It is only a couple of years ago Danish broadcaster, DR, opened up for foreigners taking part in the Dansk Melodi Grand Prix. Back then the rule said that singers as well as songwriters had to be Danish of citizen or otherwise have lived in Denmark for quite some years. The rules are now changed to allow foreigners as long as there is at least one Dane connected to the song for example with one of the songwriters or the singer being Danish. This change meant that Swedish songwriters took part in the Danish finals in 2009 and 2010, but with Danish singers to perform their songs, only exception being Icelandic Hera Björk who sang a song written by Danish and Swedish songwriters together. Hera however lived in Denmark and was fluent in Danish.
This year we suddenly saw American, British and Swedish singers competing to represent Denmark at the Eurovision Song Contest. Lee Hutton had learned to say the word “smuk” which means beautiful about the Danish girls and he liked our beers, but the Danish TV viewers couldn’t associate themselves with the thought of him showing what the Danish music scene has to offer. The fact that the band Swedish Jenny Berggren used to play in have had a contract with a Danish record company didn’t make her Danish enough either.
Out of the 10 songs competing in the 2011 Dansk Melodi Grand Prix half of them had foreign connection; three of them even a foreign singer. Four of the ten songs made it to the semi-finals, but all foreign singers were left behind. Of the qualifying four songs three of them were pure Danish meaning Danish singers and Danish songwriters. The two songs in the final were also pure Danish. It might just be a coincidence, but it is worth paying attention to what appears to be Danes saying no to foreigners in their national selection.
Those interested in politics will know that Denmark has one of the strongest set of laws when it comes to immigrants and furthermore the country is being accused of not following international rules in an attempt to prevent the immigrants that do get into Denmark from getting a Danish passport. To this you need to add that the Dansk Melodi Grand Prix in Denmark has a market share among the highest and that the Eurovision Song Contest always has been seen as a way to show the world around us what Danish music has to offer. Then it makes sense that the Danes would have a hard time seeing a British or an American singer that don’t speak a word of Danish and hadn’t set their feet on Danish ground before the press conference, where they were introduced as participants in the national final, as being Danish culture.

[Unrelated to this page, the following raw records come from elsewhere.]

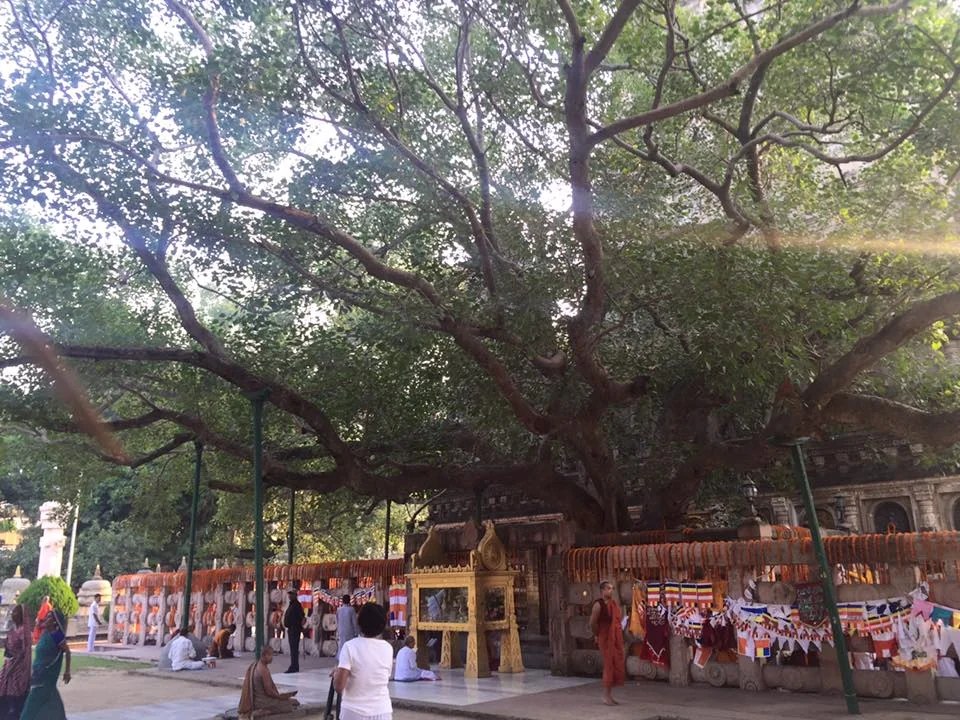 Close view of the Maha Bodhi tree with temple architecture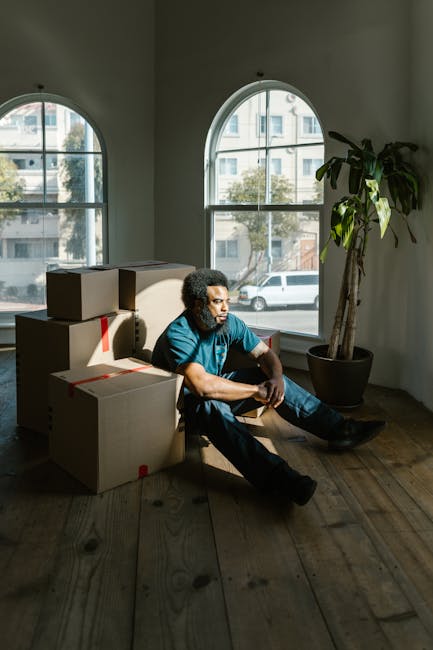 A man with curly dark hair and wearing a blue t-shirt and dark jeans is sitting on a wooden floor inside a room, surrounded by several cardboard moving boxes, some sealed with red tape. The room has two large arched windows allowing natural daylight to brighten the space, showing a street view with parked cars and buildings outside. There is a tall potted plant with long, broad leaves positioned next to the man, and the room appears to be in the process of a household move, possibly part of a home relocation or furniture transport operation. The scene reflects the packing and moving process, with the man taking a moment amidst unpacked items and boxed belongings, consistent with professional removals services such as those offered by Bow Removals.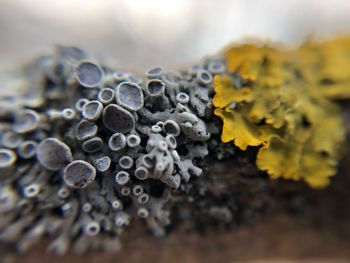 Close-up of yellow rose on wood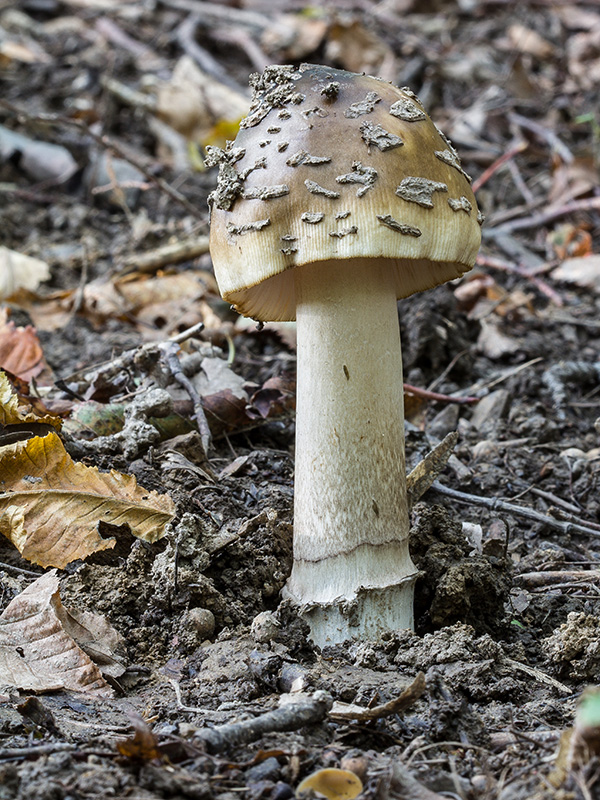 muchotrávka chrastavá Amanita ceciliae (Berk. & Broome) Bas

It is interesting to notice that the change of rule came at the same time as DR started talking quite loud about winning the Eurovision Song Contest again. So loud that it borders to the maximum level of arrogance you can show before too many people turn off. But where DR might be so focused on winning again that they are selling out of their old statements about Dansk Melodi Grand Prix being Danish culture this didn’t influence the minds of the Danes. They all saw that, in one of the top TV programmes of the year, subtitles had to be used a little too often when interviewing the ones who want to represent Denmark. For the Danes it is an honour to represent your country at the Eurovision Song Contest and they don’t want this honour given to someone who doesn’t deserve it... with that in mind it probably wasn’t believable when foreign songwriters in English talk about how much Denmark means to them when they in the next sentence say that this is the first time they are visiting the country!
The Danes wants Danes to represent them at the Eurovision Song Contest and through the years they have laughed at countries not having any good enough musicians themselves since they had to go for foreigners. In Denmark we believe we do have plenty of good musicians and therefore it requires something very unique if a foreigner wants to convince the Danish TV viewers that they should be defending the red and white colours. That unique thing was present last year where a set of Swedish songwriters managed to win the Danish final, with Danish singers though. It wasn’t the song that was unique – it was the fact that Denmark was guaranteed 12 points each from all the former Soviet countries. DR made sure that it was mentioned many times during the show that Denmark rarely receives any points from these countries. If we suddenly have 60 points plus the ones we can get from the rest of the countries it would become almost impossible to beat Denmark. It wasn’t hard for the TV viewers to do the math and vote for Chanée & N’evergreen and a Eurovision Song Contest victory.
Now, a fourth place is generally considered good in this contest, but the Danes felt robbed when they saw the countries whose 12 points had been guaranteed basically not give us anything. It turned out that apparently Thomas N’evergreen wasn’t such a huge star in those countries after all. Best guess is that had those points not been guaranteed, the Danes would have voted for Bryan Rice to win the Dansk Melodi Grand Prix and the privilege to represent Denmark at the Eurovision Song Contest.
The good thing is that DR at least learned so much from that promise to the TV viewers that they this time didn’t use the national final to guarantee 12 points from United Kingdom and Ireland if the Danes went for Lee Hutton or even 12 points from the United States in case of Justin Hopkins...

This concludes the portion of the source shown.